I had lunch with Susan today. And in the course of a one-hour discussion which included food, raising children, ballroom dancing, and shoes, we tackled how to make husbands feel loved.
When they fight, she gives massages and sponge baths to make up. She is anxious not to make him angry, because she says she holds him in such high respect. They talk a lot, cuddle a lot. And she says she often tells him she loves him, because there might come a time when the chance to say that will be gone.
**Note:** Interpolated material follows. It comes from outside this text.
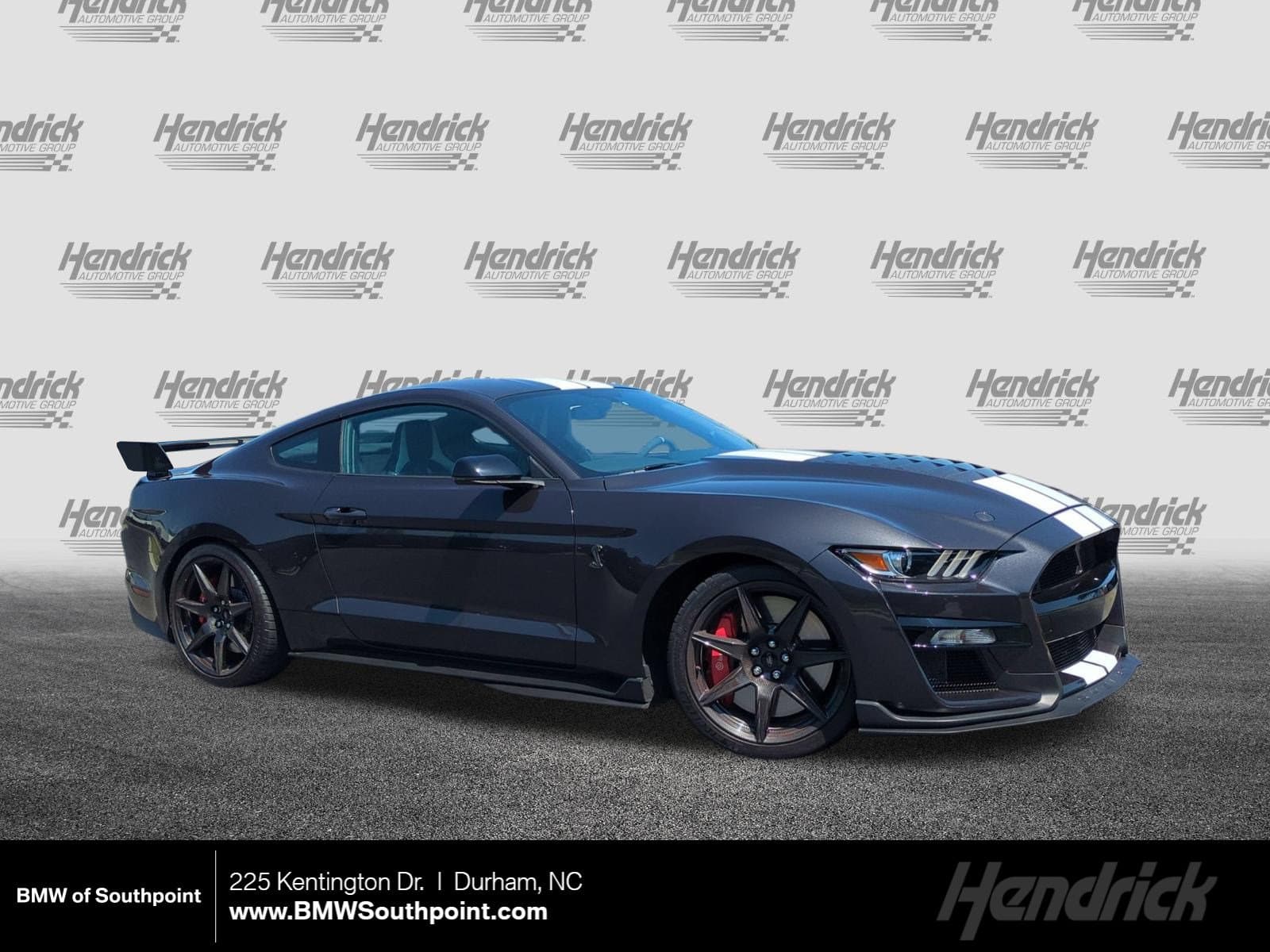 2022 Ford Mustang Shelby GT500 — photo 1 of 34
I do not know Susan well and I don't know her husband at all. But what strikes me is their willingness to take the present, now, to enjoy each other fully. Sometimes, in a marriage, one or the other is too selfish to share himself. It's 'Why should I give first?' It's 'What do you expect? He is not the hugging type, so there's no sense doing it when he doesn't hug me back.' 'Why should I spend time cooking breakfast for her when she has stopped doing that for me a long time ago?'
It's sad when we expect too much. But it's sadder when we don't do enough just because we think the other person deserves only a little of what we can give. Love, like most things in this world, is better if we give it wholeheartedly, with passion, with abandon, with an open heart. You savor it because you have the chance to give it and not because you feel like you deserve to receive something equally abundant. And it's not in things like using up your savings to help her buy that dream car, or giving up a career to stay home and have the kid. It's in little things like caring enough to know when he needs new socks, or boiling the water for coffee when you wake up a few minutes earlier than she does.
It's in little things like a massage after a hard day in the office, or a sponge bath when you're done fighting and you've made up. That's love.